Atlas Obscura has built its brand and business around its mission to help people discover the real world. Now it’s experimenting with bringing that ethos to the virtual world as well.
This summer, the site launched the first season of Atlas Obscura VR, a series of virtual reality videos that let viewers explore exotic locales such as the Temples of Damanhur in northern Italy, the Salt Mines of Salina Turda, Transylvania, and California’s Winchester House of Mystery. The videos, designed for Samsung’s Galaxy Gear VR and produced by production company Start VR, are designed around interactivity: Users can chose their own paths around the experiences, uncovering secrets and routes as they explore the virtual environments. The three primary locations are joined by a few dozen other places, which are explored via photos and audio.

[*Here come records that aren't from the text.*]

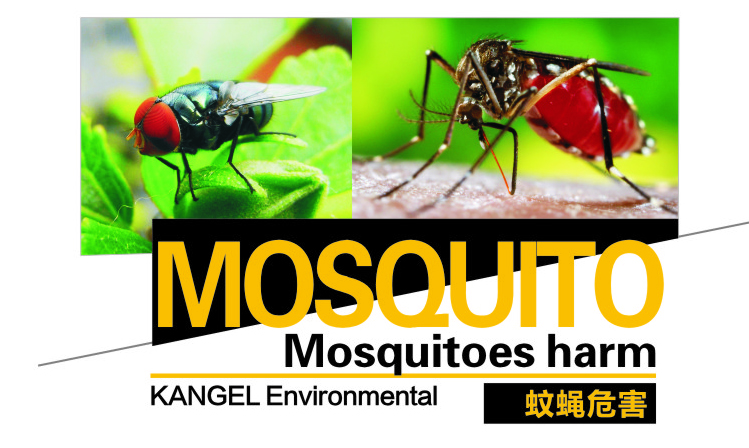Harm of mosquitoes and flies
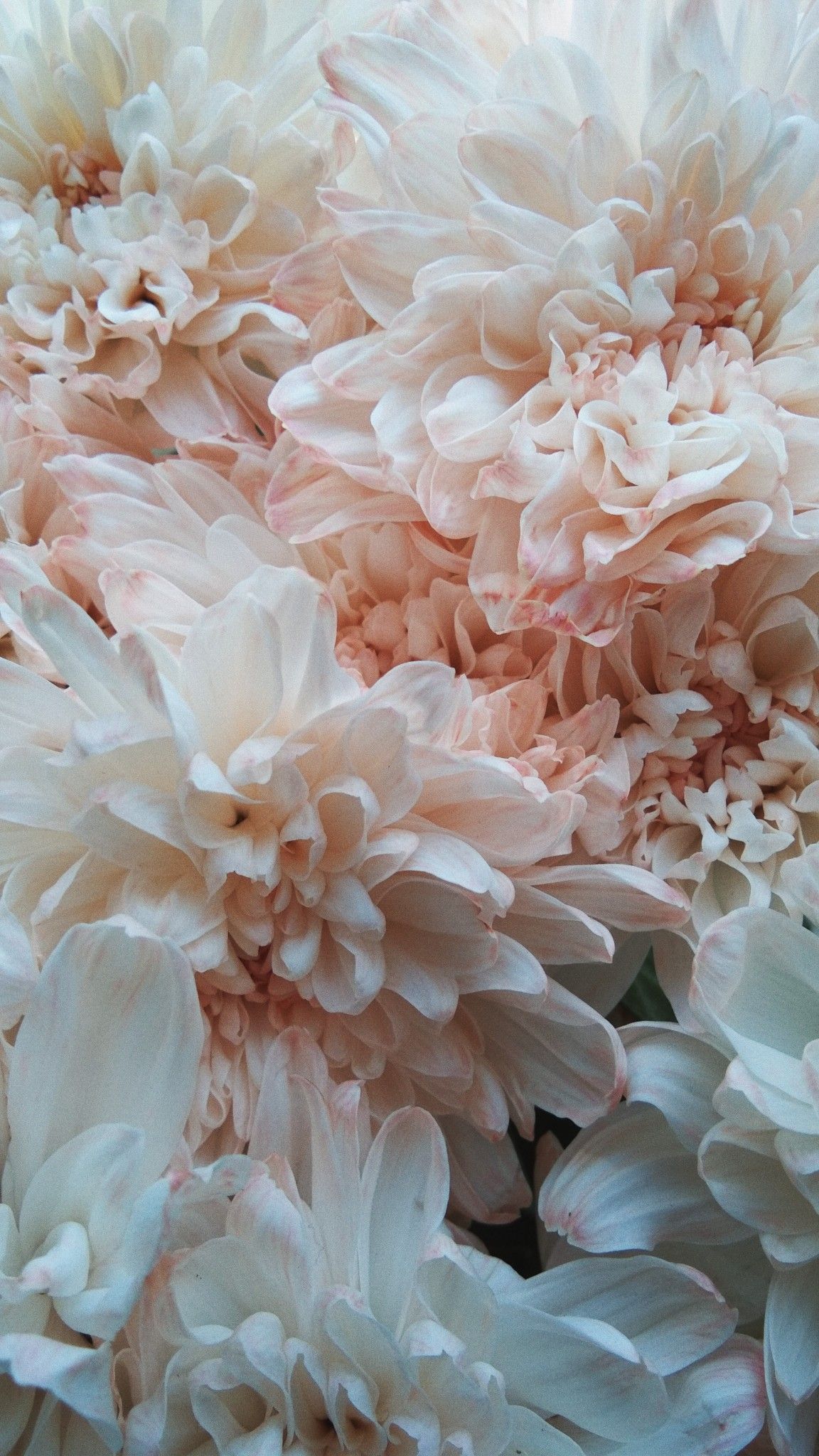 1152x2048  Пин от пользователя gina Hediger на доске Art | Цветочные картины,  Цветочные фоны, Фотографии фонов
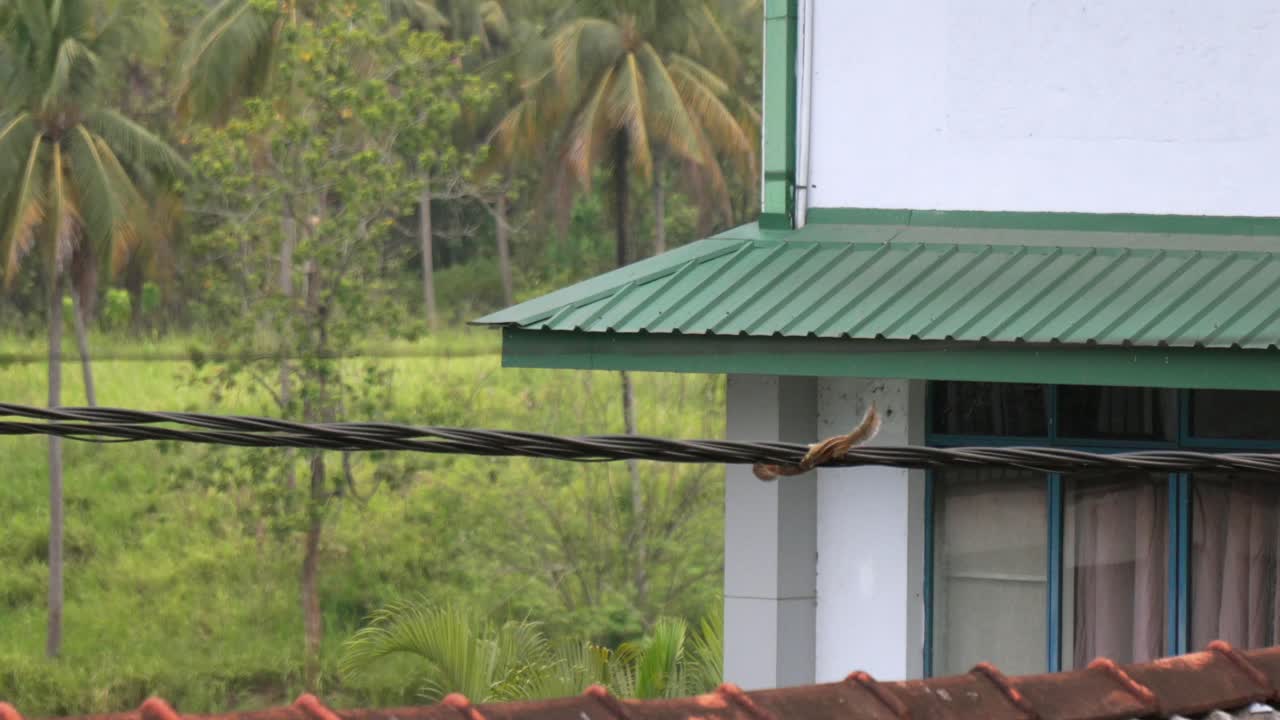 Squirrel walking along a wire near a building in Ella, Sri Lanka, with lush greenery in the background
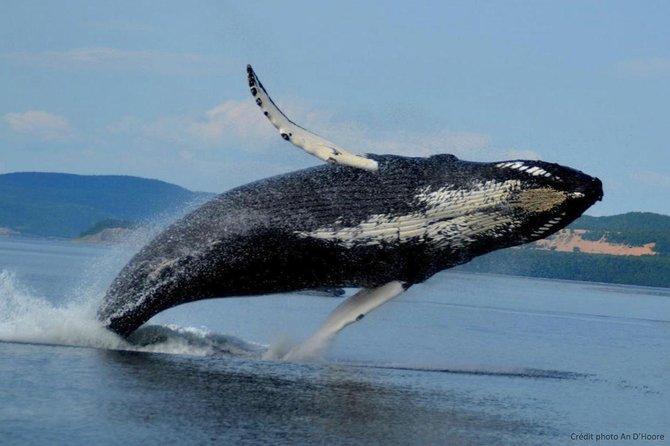 Tadoussac/Charlevoix: Whale Watching Tour - Choosing the Zodiac for speed and closeness
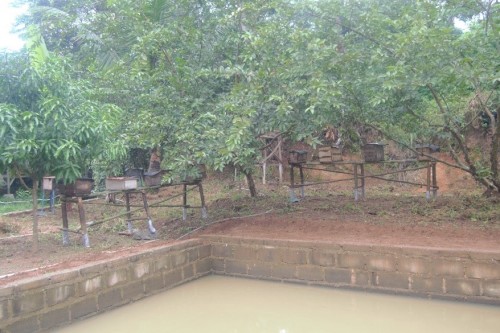 Titik Lokasi Usaha Ternak Lebah Madu di samping Kediaman Ust. Trimo S.Ag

The VR series is an experimental effort to extend the Atlas Obscura brand into a space that it would seem particularly well suited for. While the site has been talking about investing in VR for some time, it wasn’t until Oculus approached StartVR that Atlas Obscura that it was able to make the push. “We want to be able to tell these stories about place and instill people with this sense of wonder and awe in the world around them in a lot of different mediums,” said Dylan Thuras, the site’s cofounder and host of the VR videos. “That always when we feel like we’ve succeeded most.”
While the Atlas Obscura approach does lend itself well to the transporting power of VR, Thuras confessed that there is some tension between the technology and the site’s mission. Atlas Obscura, he said, works best when “people actually go out in the world and have an experience, whether it’s with us or by using the site to find something amazing.” VR headsets, on the other hand, tend to remain indoors, and their use can come at the expense of users going outside.

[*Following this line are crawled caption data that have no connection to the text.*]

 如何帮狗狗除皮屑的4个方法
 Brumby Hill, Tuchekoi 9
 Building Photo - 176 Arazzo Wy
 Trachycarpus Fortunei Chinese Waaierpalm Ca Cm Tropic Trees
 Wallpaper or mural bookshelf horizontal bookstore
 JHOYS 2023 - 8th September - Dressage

Atlas Obscura has, however, largely squared away this cognitive dissonance. While the site’s core mission is to encourage readers to see the world, many locations are difficult to travel to, dangerous (such as Brazil’s aptly-named Snake Island), or closed to tourists. These kinds of places may turn out to be the perfect fit for Atlas Obscura’s VR projects and an effective way for the site to experiment wit the tech while staying true to its mission.
There’s also the reality that not all readers can afford to visit the places they read about on the site. “It’s not always easy to jump on a plane and go spend a week at a new-age eco cult in in the hills of the alps,” Thuras said, referring to the Temples of Damanhur.
Atlas Obscura’s investment comes despite Thuras’s belief that the technology is “still a hugely alien experience for most people.” Despite the hype, VR headsets are still only in the hands of 5 percent of the Internet-using U.S. population, according to Global Web Index. And there’s still no single VR experience. While some early adopters have flocked to the high-end headsets like the Oculus Rift, it’s the small, cheap devices like Google Cardboard that are accessible to the average person. The vast majority of people haven’t tried VR at all. “It’s a really confusing environment right now,” Thuras said, comparing the technology today to the awkward early days of giant cell phones.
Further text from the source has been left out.